The pieces titled "Shadow Monuments (Research)" represent a group of works that were vital for the research, development and production of the video, Shadow Monuments. These photographs and research notes started as a project to document the Claremont Consortium's inaccessible institutional archive, which revealed how archival structure perpetuates certain histories through the printed document, and investigated how access to knowledge is vital for countering dominant historical narratives.
This photograph was taken in the Special Collections back offices at Honnold Mudd Library, which serves the public and the Claremont Consortium’s seven academic institutions.

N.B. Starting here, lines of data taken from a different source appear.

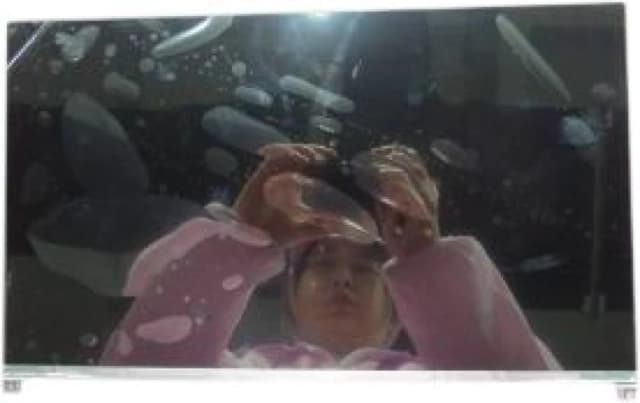 DELL SSY.LCD.N14FHD400.5450/3490#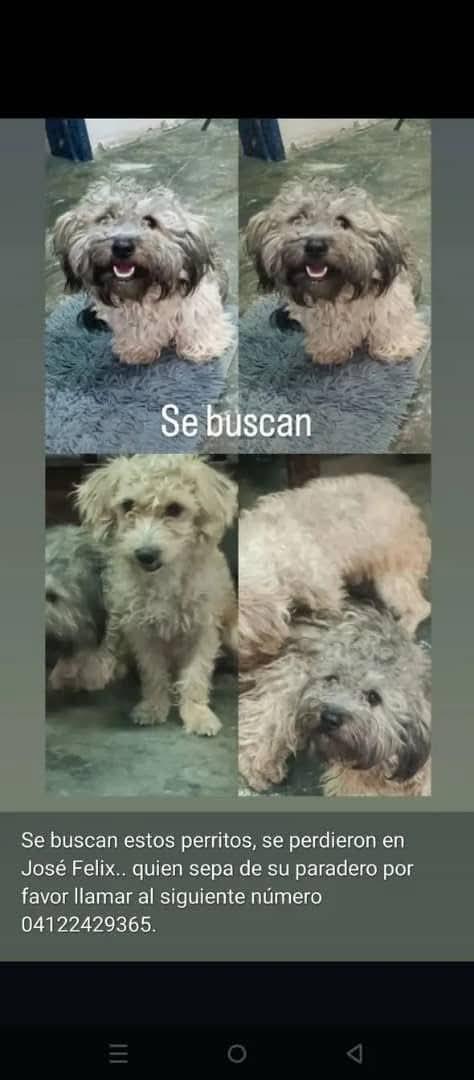 PerroUsuario's tweet photo. Se perdieron estos perritos son dos hermanitos. Petare https://t.co/CjFljUGu9g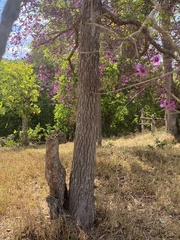Physocalymma scaberrimum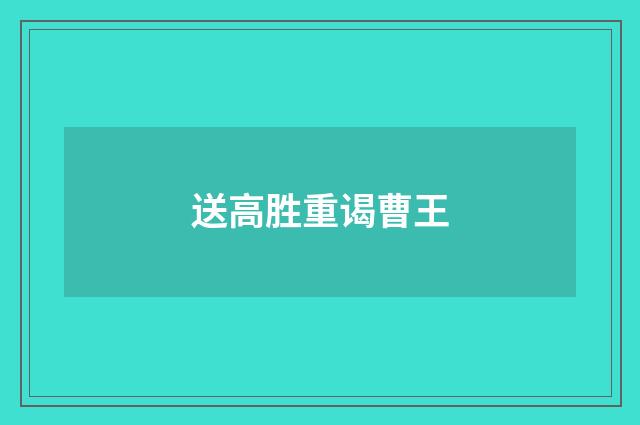 送高胜重谒曹王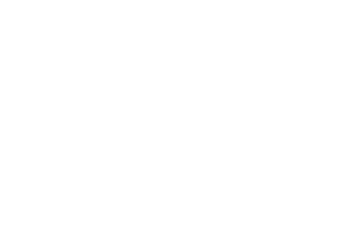 Ananas logo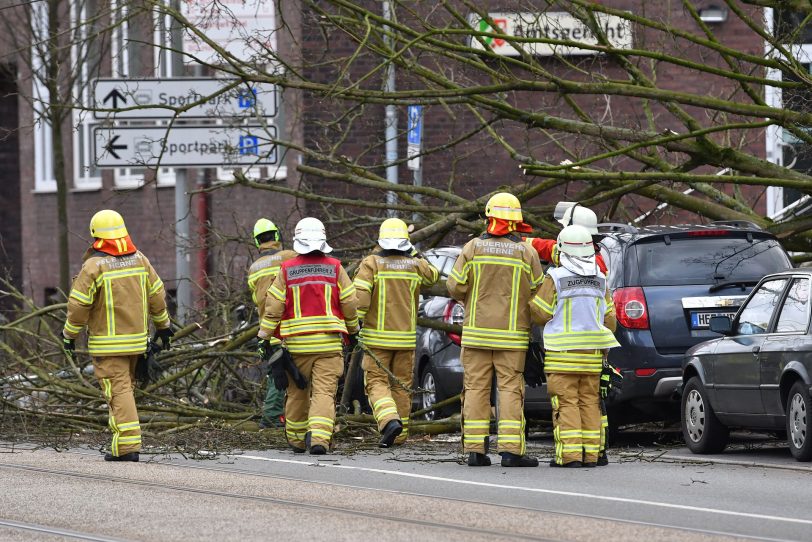 Tief Eberhard ließ ein Baum am Amtsgericht Herne-Wanne umstürzen.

This photograph was taken in a Special Collections storage room at Honnold Mudd Library, which serves the public and the Claremont Consortium’s seven academic institutions. This piece was part of my research for the video, Shadow Monuments.
This piece shows the research paper that accompanies the video, Shadow Monuments. It was produced from hundreds of pages of research notes and outlines. The paper’s organization is structurally reminiscent of archival classification systems that, though often rooted in Dewey, Cutter, Putnam or the Library of Congress’ own categorizations, are arbitrary in nature. By creating my own archival categories and organizing my works through them I hoped to underscore how classifications signify in a system external to the signified – what determines a category is trivial beyond this definition’s real-world implications – and in so doing question the narrow and oppressive structures inherent to taxonomy. The essay loosely follows these categories: cameral science, the archive and psychogeography, and shadows/archaeology/memory. This construction serves as a guide, or map, for writing that rectifies the archive’s rigidity through nonlinear, discursive fragmentation that mimics my interdisciplinary research style.
Shadow Monuments sees the artist working through taxonomic systems to question their destructive past, crafting an archival present that redefines image, document and monument as sites of restored remembrance and creative practice. This piece, in combination with photographs, notes, and maps (Shadow Monuments Research), was presented for my studio art honors thesis at Pitzer College. At full length
it is shown looped to negate a beginning and end.